Yes. In some situations, a company may withdraw a strike-off application if circumstances change. For example, the directors may decide to resume business operations or discover unresolved financial matters that must be addressed first. In such cases, it may be advisable to review the company’s situation before proceeding with closure.
8. Is it possible to reopen a company that was previously closed?
In certain situations, a company that has been removed from the register may be restored through a legal process. Restoration typically requires a court application and supporting documentation showing that the company should be reinstated. This process may be used if creditors, shareholders, or other parties need the company to be restored for legal or financial reasons.
9. What documents are usually required to close a company in Malaysia?

The specific documentation required may vary depending on the closure method, but commonly includes:

  • Directors’ and shareholders’ resolutions
  • Financial records confirming the company’s position
  • Corporate secretarial documents
  • Compliance confirmations with regulatory authorities

Preparing these documents correctly helps ensure that the closure process proceeds smoothly.

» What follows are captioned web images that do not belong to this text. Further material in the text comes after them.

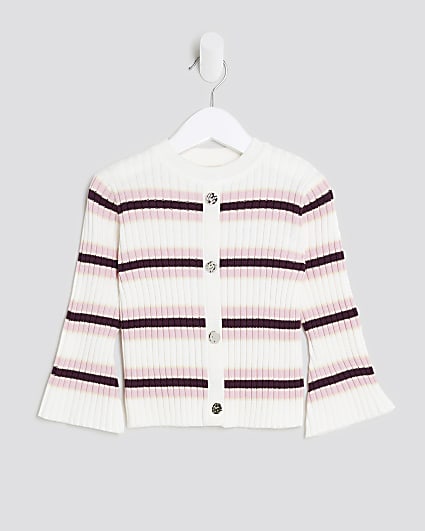 Mini Girls Cream Knitted Striped Cardigan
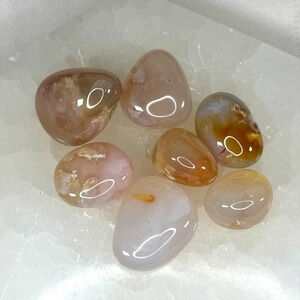 Flower Agate Tumbles- Set of 6 tumbles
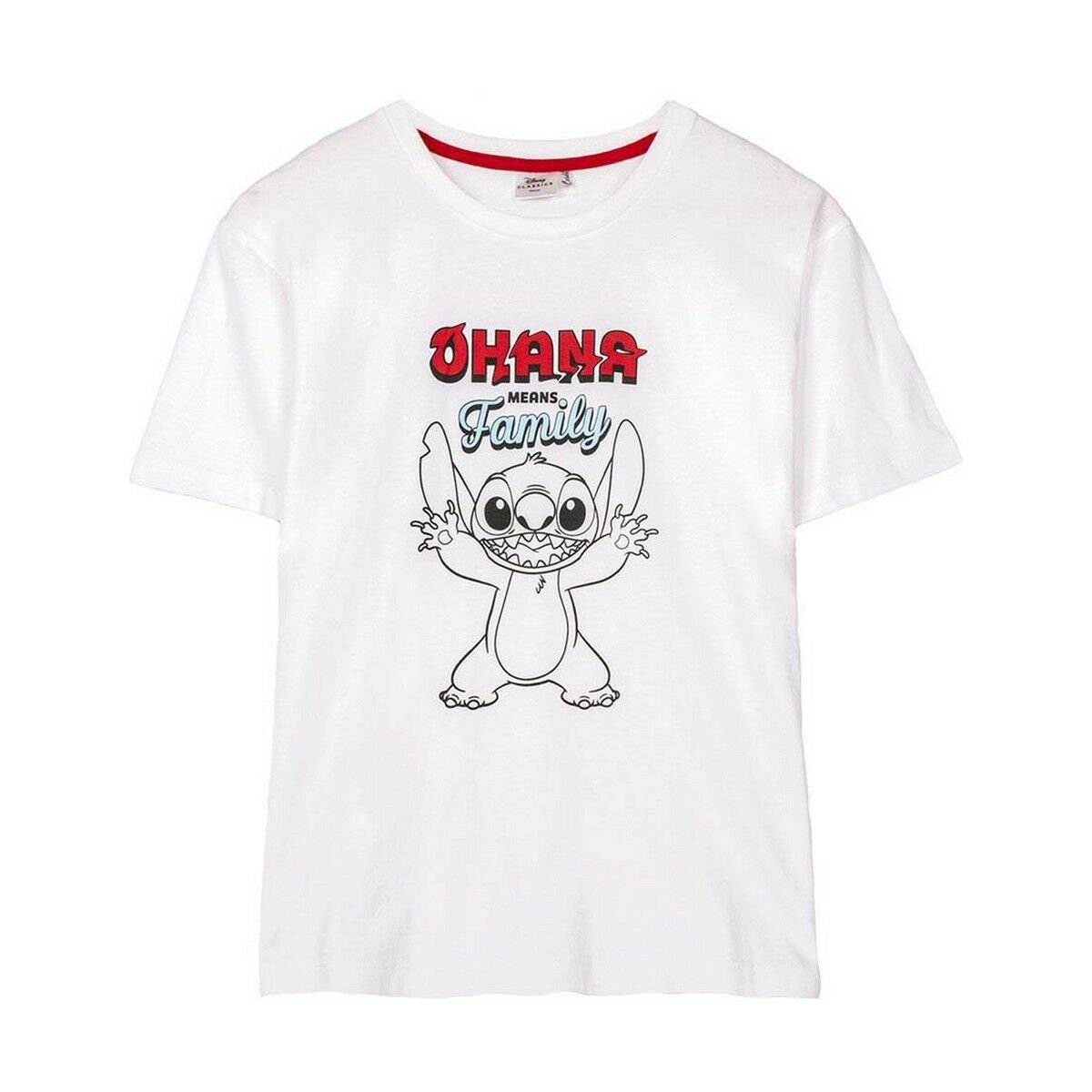 Camiseta de Manga Corta Mujer Stitch Blanco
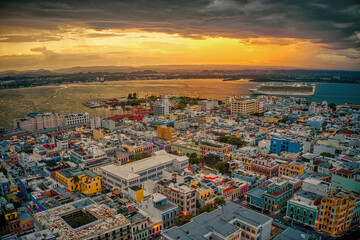 Fototapeta na wymiar Aerial View of San Juan, Puerto Rico at Sunrise/Sunset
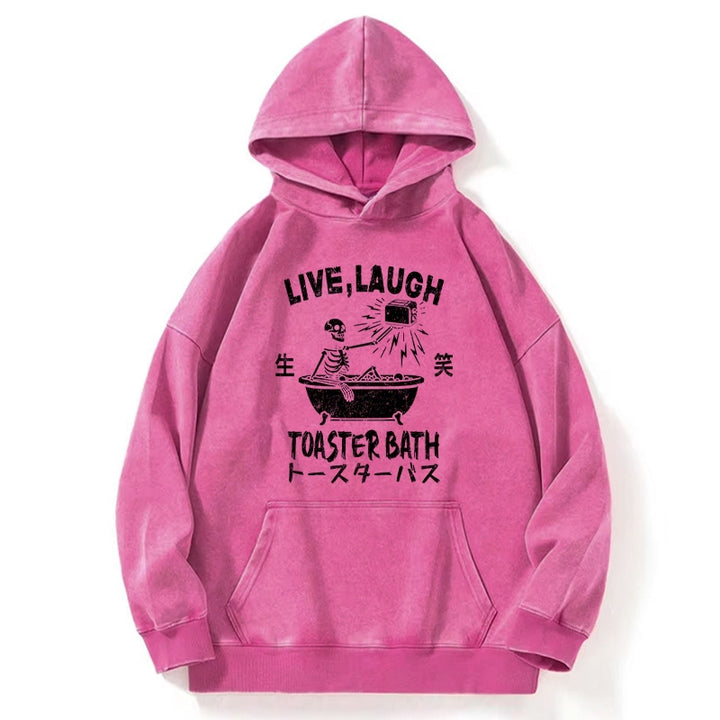 Funny Electric Shock Skeleton Washed Hoodie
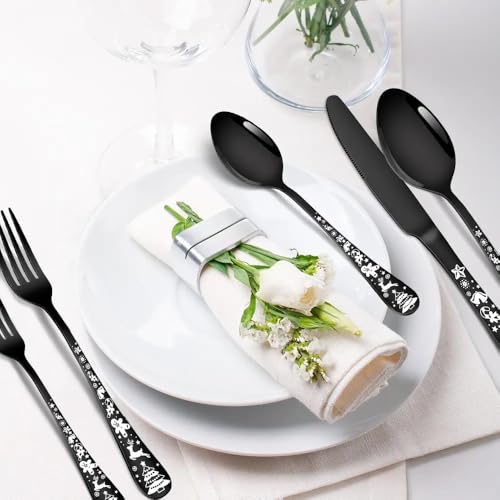 KitchEase Cutlery Set 10-Piece | 4 Spoons, 4 Forks, 2 Steak Knife with Festive Printed Handle | SUS410 Stainless Steel for Dinner Table & Christmas Celebration Gifting (Black) - Image 3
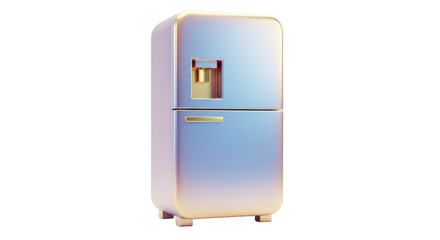Isolated Iridescent Mini Fridge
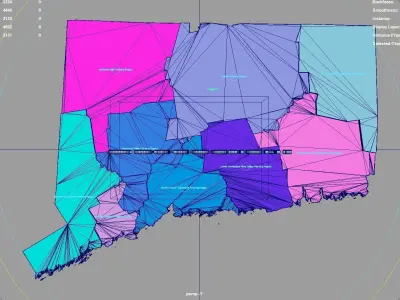 Connecticut  United States USA map region 3D model geography 3D model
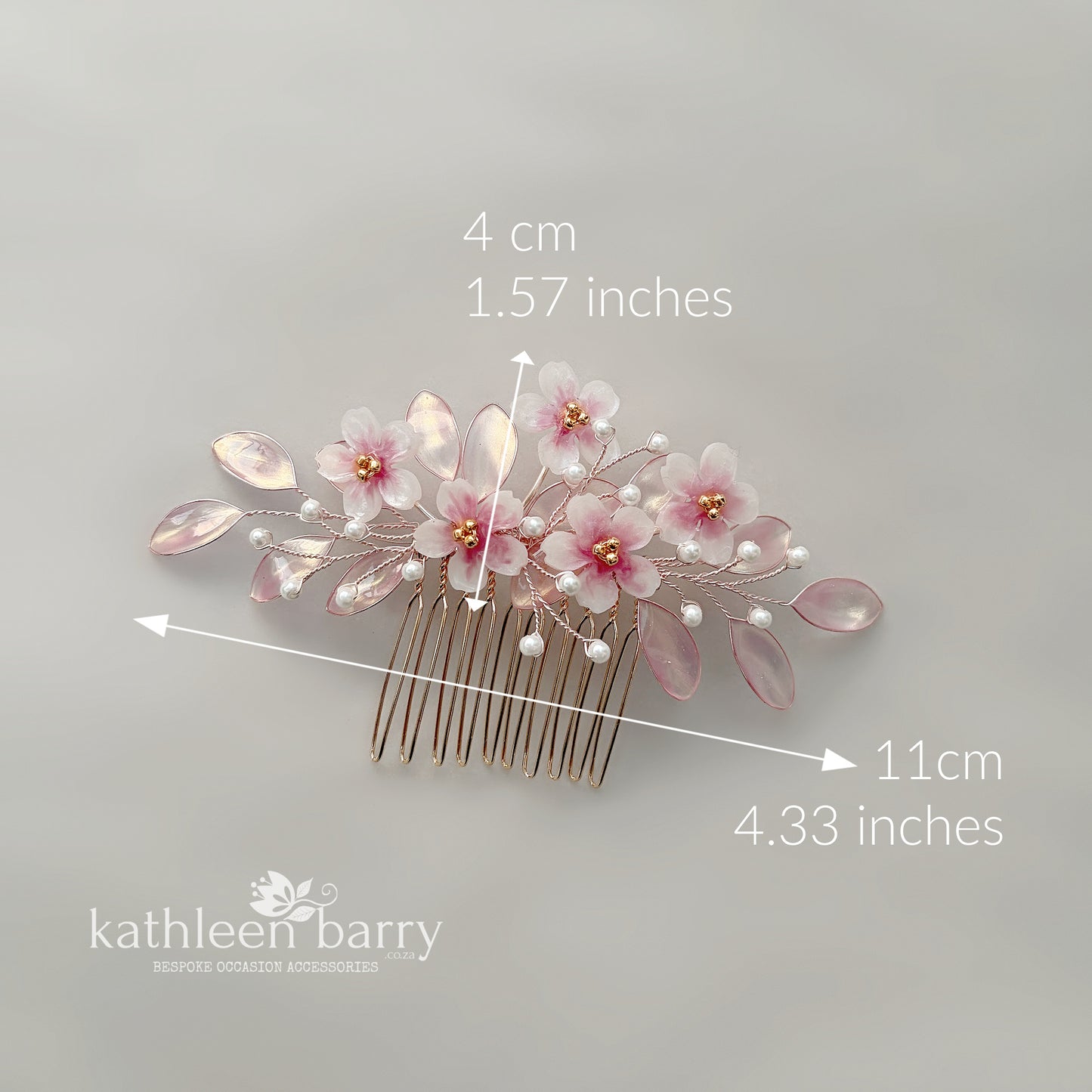 Sakura Cherry Blossom Hair Comb - Gold, silver or rose-gold colors to order wedding hair accessories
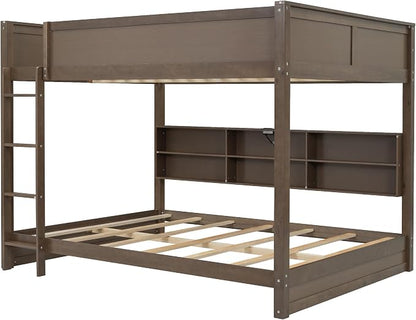 Wood Bunk Bed Queen over Queen Size with Built-in Storage Cabinets and USB Ports, Versatile Bunk Bed Frame with Ladder and Guardrail for Kids Teens Adult, Maximize Space (Antique Wood-9.30)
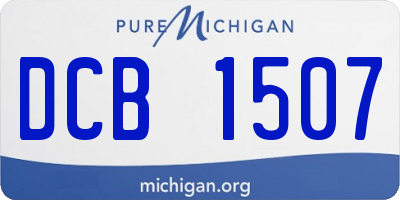 MI license plate DCB1507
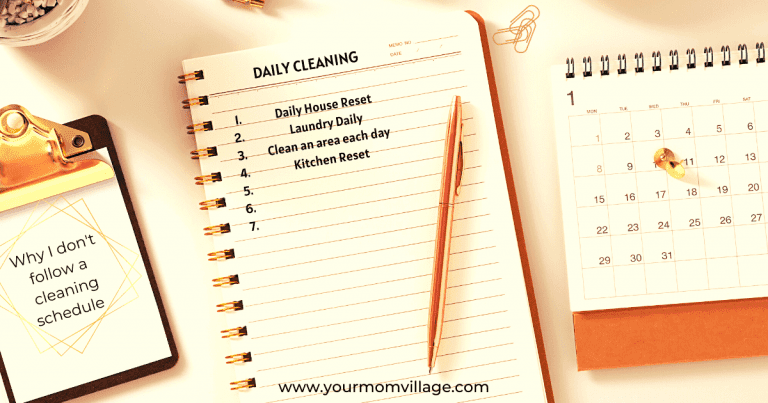 cleaning checklist in a planner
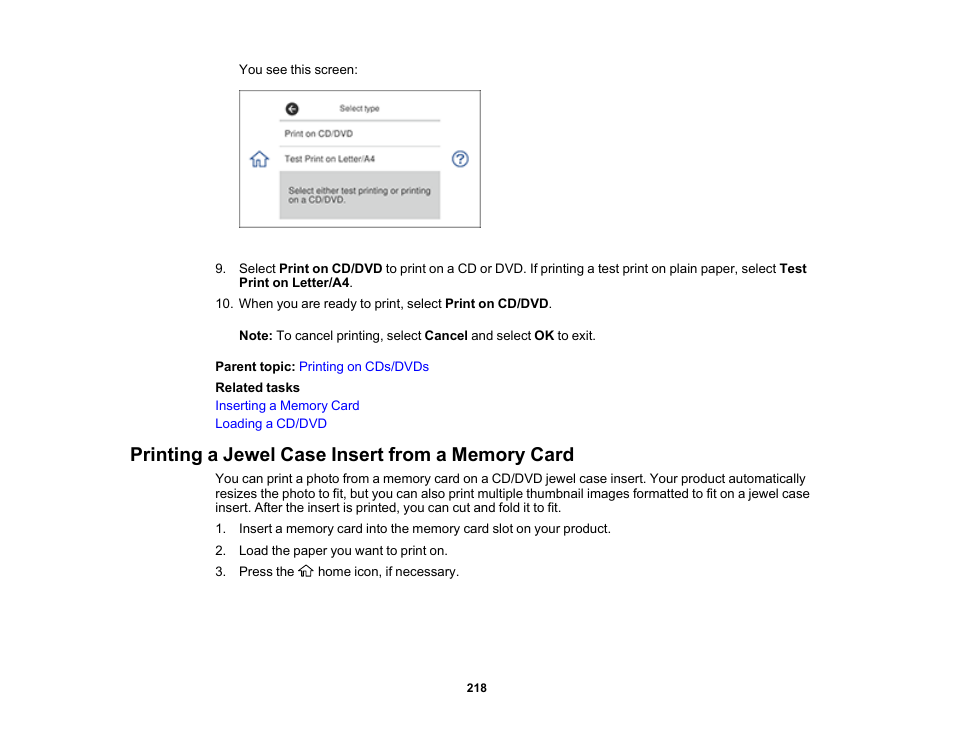 Printing a jewel case insert from a memory card | Epson Expression Premium XP-7100 Small-In-One Inkjet Printer User Manual | Page 218 / 340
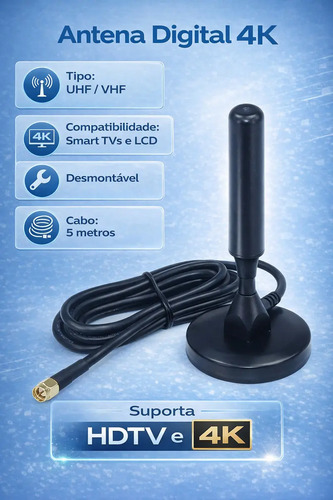 Antena Tv Digital Interna Externa Uhf Vhf Em Alumínio Com Base Magnética Cabo 5m Alta Definição Para Tv E Conversor Sinal Estável Instalação Fácil Sem Mensalidade Davely 3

10. Should I engage a professional advisor to close my company?
While it is technically possible to close a company independently, many directors choose to engage corporate advisors or company secretaries to manage the process. Professional advisors can help review the company’s financial position, prepare the necessary documentation, and ensure that the closure procedure complies with Malaysian regulations. This reduces the risk of delays, rejected applications, or compliance issues.